What you should do => Output a faithful copy of the entries, every picture removed.

Task data =>

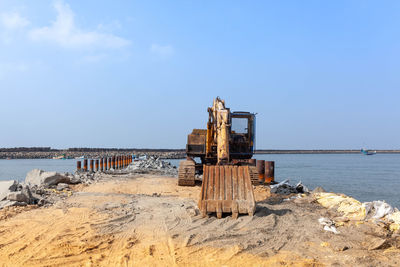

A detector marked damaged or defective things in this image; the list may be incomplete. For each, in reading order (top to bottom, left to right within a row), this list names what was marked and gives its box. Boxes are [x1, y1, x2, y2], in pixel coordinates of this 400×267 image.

rusty metal [179, 159, 196, 186]
rusty excavator [177, 97, 258, 219]
rusty metal [200, 165, 256, 220]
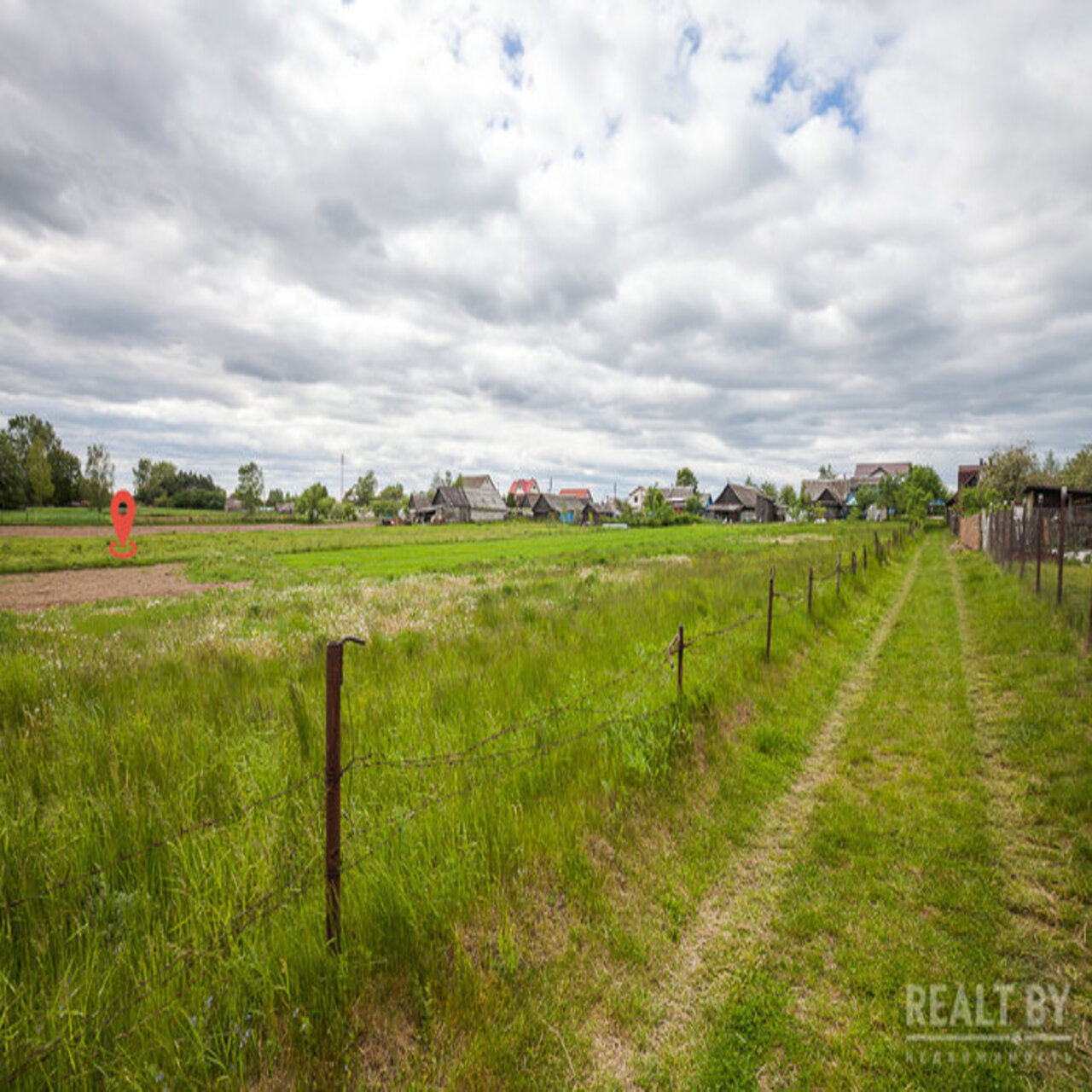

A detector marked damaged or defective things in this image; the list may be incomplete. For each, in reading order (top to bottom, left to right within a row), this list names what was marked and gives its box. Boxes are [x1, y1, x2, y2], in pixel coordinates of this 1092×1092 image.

rusty metal fence post [322, 637, 340, 948]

Answer section =>
A detector marked damaged or defective things in this image; the list may be incomplete. For each, in reading order (top to bottom, left to right within a row), this list names what was marked and gives its box. Boxes are [x1, y1, x2, y2], in pixel coordinates of this 400×267 image.

rusty metal [179, 159, 196, 186]
rusty excavator [177, 97, 258, 219]
rusty metal [200, 165, 256, 220]

A detector marked damaged or defective things in this image; the list may be incomplete. For each, in reading order (top to bottom, left to right within a row), this list names what was marked and gives its box. Boxes are [x1, y1, x2, y2], in pixel coordinates of this 1092×1092 image.

rusty metal fence post [322, 637, 340, 948]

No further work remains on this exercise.